Oxygen Activation Switch in the Copper Amine Oxidase of Escherichia coli

[Image: see text] Copper amine oxidases (CuAOs) are metalloenzymes that reduce molecular oxygen to hydrogen peroxide during catalytic turnover of primary amines. In addition to Cu(2+) in the active site, two peripheral calcium sites, ∼32 Å from the active site, have roles in Escherichia coli amine oxidase (ECAO). The buried Ca(2+) (Asp533, Leu534, Asp535, Asp678, and Ala679) is essential for full-length protein production, while the surface Ca(2+) (Glu573, Tyr667, Asp670, and Glu672) modulates biogenesis of the 2,4,5-trihydroxyphenylalanine quinone (TPQ) cofactor. The E573Q mutation at the surface site prevents calcium binding and TPQ biogenesis.
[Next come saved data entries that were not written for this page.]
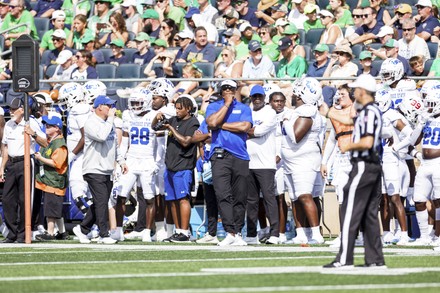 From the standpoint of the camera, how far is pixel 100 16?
24594 millimetres

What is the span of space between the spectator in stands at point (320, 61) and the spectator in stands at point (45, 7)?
8.34m

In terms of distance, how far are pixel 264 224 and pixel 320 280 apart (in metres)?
7.17

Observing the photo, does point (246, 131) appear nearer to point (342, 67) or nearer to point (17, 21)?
point (342, 67)

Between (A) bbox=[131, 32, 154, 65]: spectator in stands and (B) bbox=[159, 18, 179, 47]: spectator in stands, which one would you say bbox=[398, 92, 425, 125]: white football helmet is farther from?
(B) bbox=[159, 18, 179, 47]: spectator in stands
However, TPQ biogenesis can be restored by a suppressor mutation (I342F) in the proposed oxygen delivery channel to the active site. While supporting TPQ biogenesis (∼60% WTECAO TPQ), I342F/E573Q has almost no amine oxidase activity (∼4.6% WTECAO activity). To understand how these long-range mutations have major effects on TPQ biogenesis and catalysis, we employed ultraviolet–visible spectroscopy, steady-state kinetics, inhibition assays, and X-ray crystallography. We show that the surface metal site controls the equilibrium (disproportionation) of the Cu(2+)-substrate reduced TPQ (TPQ(AMQ)) Cu(+)-TPQ semiquinone (TPQ(SQ)) couple. Removal of the calcium ion from this site by chelation or mutagenesis shifts the equilibrium to Cu(2+)-TPQ(AMQ) or destabilizes Cu(+)-TPQ(SQ). Crystal structure analysis shows that TPQ biogenesis is stalled at deprotonation in the Cu(2+)-tyrosinate state. Our findings support WTECAO using the inner sphere electron transfer mechanism for oxygen reduction during catalysis, and while a Cu(+)-tyrosyl radical intermediate is not essential for TPQ biogenesis, it is required for efficient biogenesis.